* [Activity]: Among the lines below, keep only those from the one containing "猪肚嚼不动怎么补救 猪肚嚼不动怎么办" through the one containing "若洲海浜公園海釣り施設", and reproduce them exactly.

* [Raw data]:

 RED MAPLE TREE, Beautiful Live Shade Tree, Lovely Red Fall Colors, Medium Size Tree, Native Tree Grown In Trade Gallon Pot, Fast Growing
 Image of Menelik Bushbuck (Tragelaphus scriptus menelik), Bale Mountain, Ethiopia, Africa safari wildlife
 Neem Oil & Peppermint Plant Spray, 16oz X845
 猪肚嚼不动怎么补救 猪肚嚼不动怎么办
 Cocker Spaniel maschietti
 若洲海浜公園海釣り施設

* * *

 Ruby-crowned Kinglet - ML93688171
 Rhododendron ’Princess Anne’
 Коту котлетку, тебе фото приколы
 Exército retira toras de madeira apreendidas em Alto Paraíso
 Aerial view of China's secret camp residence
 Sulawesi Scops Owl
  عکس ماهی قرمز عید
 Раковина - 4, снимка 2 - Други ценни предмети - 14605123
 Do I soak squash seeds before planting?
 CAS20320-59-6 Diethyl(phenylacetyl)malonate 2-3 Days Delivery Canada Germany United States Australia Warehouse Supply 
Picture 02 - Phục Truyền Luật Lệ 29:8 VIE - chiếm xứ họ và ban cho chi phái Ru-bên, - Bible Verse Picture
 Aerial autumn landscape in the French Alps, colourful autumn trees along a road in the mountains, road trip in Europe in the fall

* [Answer for the task]:
 猪肚嚼不动怎么补救 猪肚嚼不动怎么办
 Cocker Spaniel maschietti
 若洲海浜公園海釣り施設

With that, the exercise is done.